** Task instructions **
When you copy the data that follows, reproduce every word exactly and leave out the images.
[Entries provided — start]
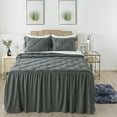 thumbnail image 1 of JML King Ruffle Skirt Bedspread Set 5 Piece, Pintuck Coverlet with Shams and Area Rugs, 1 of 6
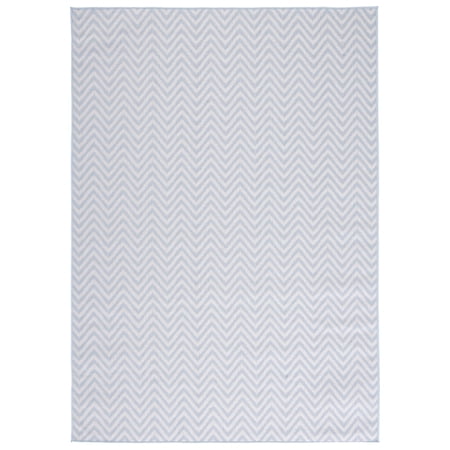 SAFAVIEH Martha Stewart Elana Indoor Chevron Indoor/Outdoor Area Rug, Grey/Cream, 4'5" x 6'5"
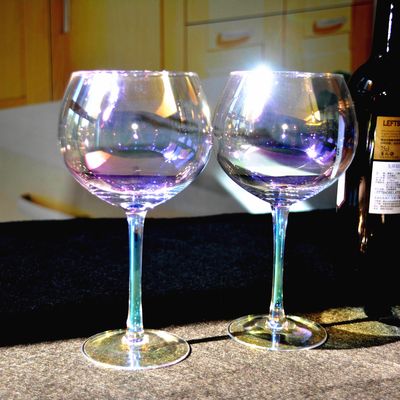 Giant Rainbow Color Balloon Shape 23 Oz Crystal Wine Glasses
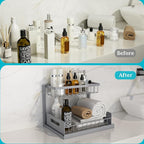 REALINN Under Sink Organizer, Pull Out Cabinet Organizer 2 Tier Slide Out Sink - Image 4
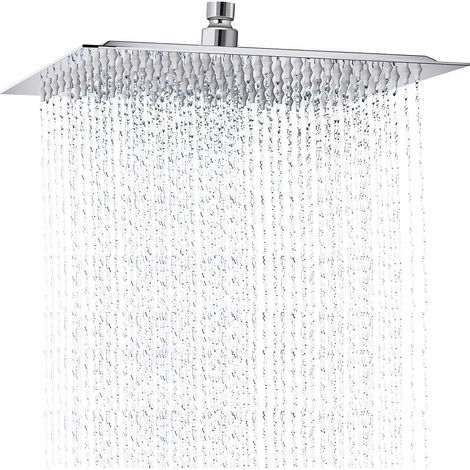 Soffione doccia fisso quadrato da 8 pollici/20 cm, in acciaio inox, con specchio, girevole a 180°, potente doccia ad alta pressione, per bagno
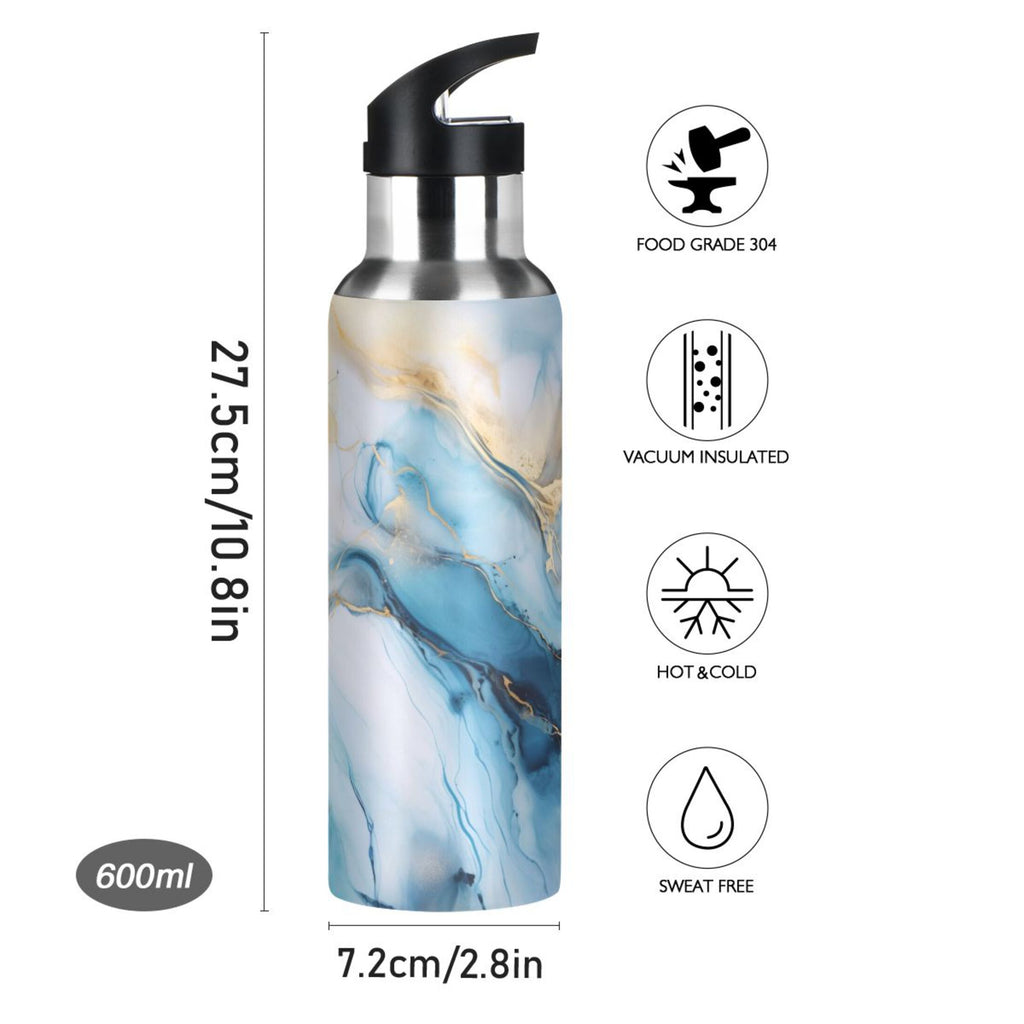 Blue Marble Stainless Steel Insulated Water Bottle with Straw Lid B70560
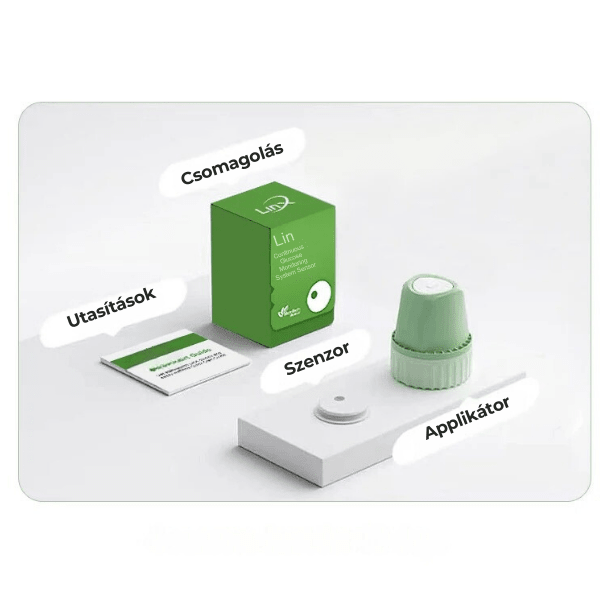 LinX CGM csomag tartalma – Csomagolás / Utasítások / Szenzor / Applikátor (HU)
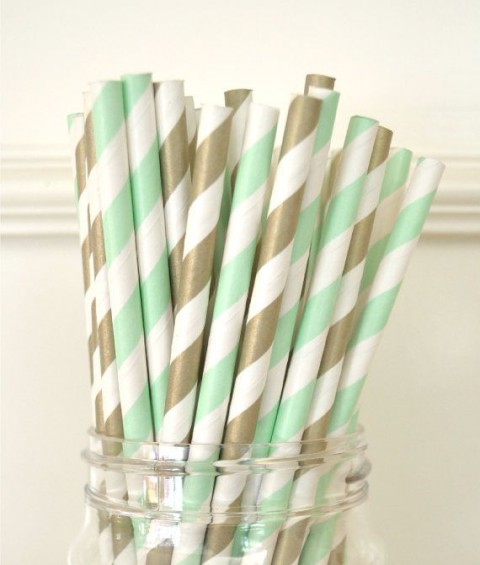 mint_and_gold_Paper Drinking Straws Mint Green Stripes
[Entries provided — finish]
** Exercise response **
 thumbnail image 1 of JML King Ruffle Skirt Bedspread Set 5 Piece, Pintuck Coverlet with Shams and Area Rugs, 1 of 6
 SAFAVIEH Martha Stewart Elana Indoor Chevron Indoor/Outdoor Area Rug, Grey/Cream, 4'5" x 6'5"
 Giant Rainbow Color Balloon Shape 23 Oz Crystal Wine Glasses
 REALINN Under Sink Organizer, Pull Out Cabinet Organizer 2 Tier Slide Out Sink - Image 4
 Soffione doccia fisso quadrato da 8 pollici/20 cm, in acciaio inox, con specchio, girevole a 180°, potente doccia ad alta pressione, per bagno
 Blue Marble Stainless Steel Insulated Water Bottle with Straw Lid B70560
 LinX CGM csomag tartalma – Csomagolás / Utasítások / Szenzor / Applikátor (HU)
 mint_and_gold_Paper Drinking Straws Mint Green Stripes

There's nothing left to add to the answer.